Mired in a relegation battle, fourth-tier SV Babelsberg turned to former striker Daniel Frahn in their hour of need. But the signing has split fans of the left-wing minded club due to Frahn’s link to far-right extremism.
As Daniel Frahn entered the pitch as a substitute at the Karl-Liebknecht-Stadion on Sunday, the atmosphere in SV Babelsberg's home ground was a strange mixture of support, caution, and disapproval.
While sections of the home base applauded a returning local idol, signed on deadline day on Friday, others fell silent for the arrival of a player many now consider a fallen hero.
Born in Potsdam, the 32-year-old scored 45 goals for his hometown club between 2007 and 2010, cementing himself in the history books. But last year he was released from Chemnitzer FC following a number of high-profile incidents involving right-wing hooligans.

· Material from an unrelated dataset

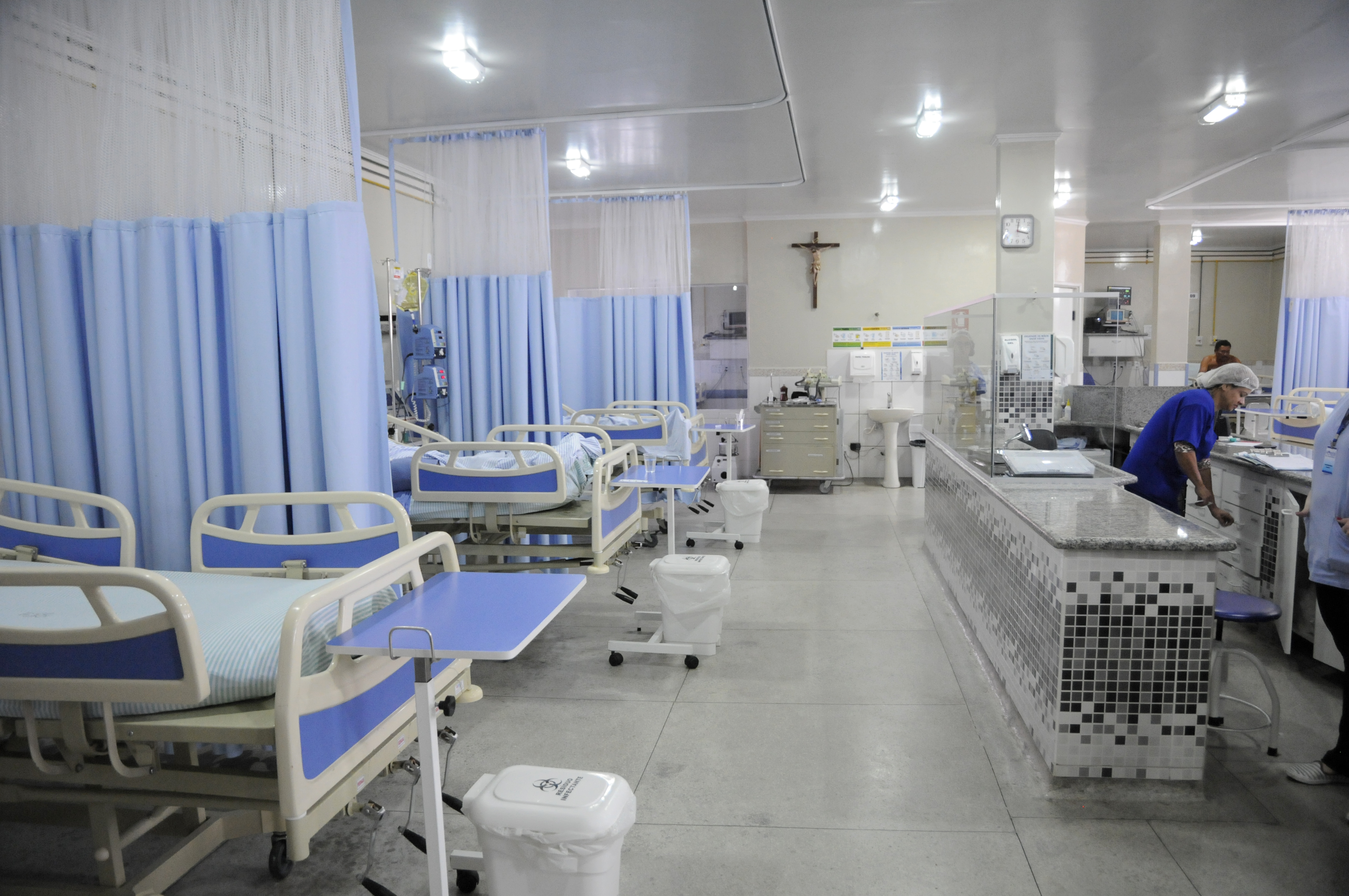 Leitos hospitalares. (Reprodução/Portal Hospitais Brasil)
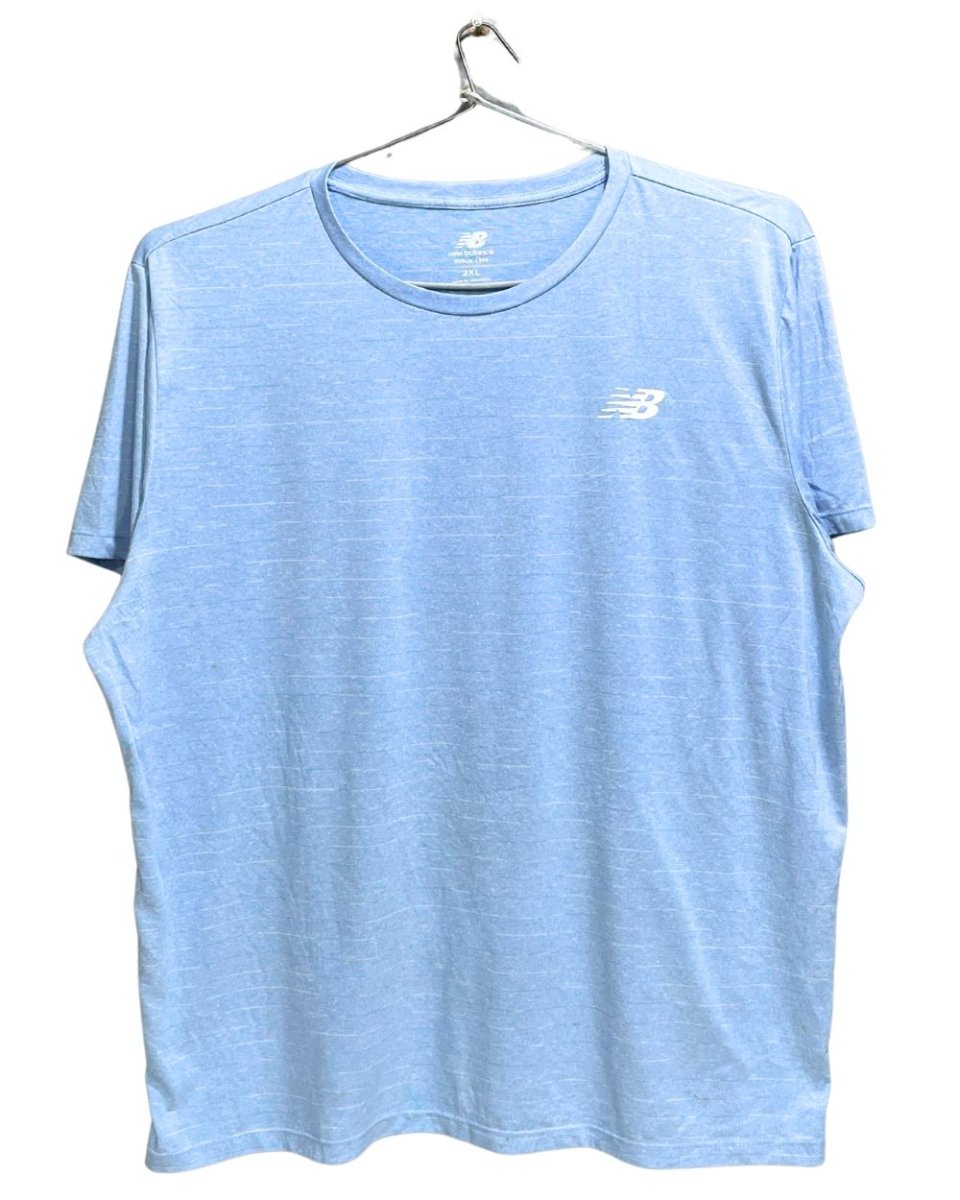 New Balance Blue For Men Sports T Shirt XXL - Preloved Labels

Given the Babelsberg fanbase prides itself on campaigning against racism and fascism, Frahn's signing has proved a polarizing dilemma.
"The fans are divided in their opinions," Babelsberg fan Michael* told DW. "Many see it as a blatant loss of image or a betrayal of their own ideals. Others only see the sporting benefits. The mood [in the stadium] was not like other games."
Frahn's fall from grace began in March last year, when he held up a t-shirt which read "Support your local hools!" after scoring a goal for Chemnitzer. It was a message of condolence for Thomas Haller, right-wing founder of the hooligan group HooNaRa ("Hooligans, Nazis, Racists"), who had died.
Frahn was fined and suspended for four matches by the competition's governing body.
Then in August, an injured Frahn joined Chemnitzer ultras in the stands, including notorious right-wing groups Kaotic Chemnitz and NS Boys, for an away match against Hallescher FC. His club was not willing to hand out a third chance and canceled his contract for "massive club-damaging behaviour".
An impasse followed as Frahn took the matter to a labor tribunal and Frahn and Chemnitzer finally parted ways mutually on January 28. It paved the way for Babelsberg to sign a striker who can boost their hopes of escaping relegation from the Regionalliga Nordost.
On Sunday, Babelsberg welcomed their new signing with a 1-0 win over BSG Chemie Leipzig. But the fans spent most of the 90 minutes and beyond discussing one man.
"The win over Chemie didn't really feel like a win because somehow most of the feelings and thoughts were taken up by the Frahn signing," Michael said.
"It was not the usual exuberant mood that comes with victory."
To make it more uncomfortable , Chemie, a similarly left-leaning club, took advantage of heaping misery on the home support.
As Frahn's name was announced pre-match, the chant "Nazis out" went up among Chemie fans. Some of the Babelsberg faithful even joined in.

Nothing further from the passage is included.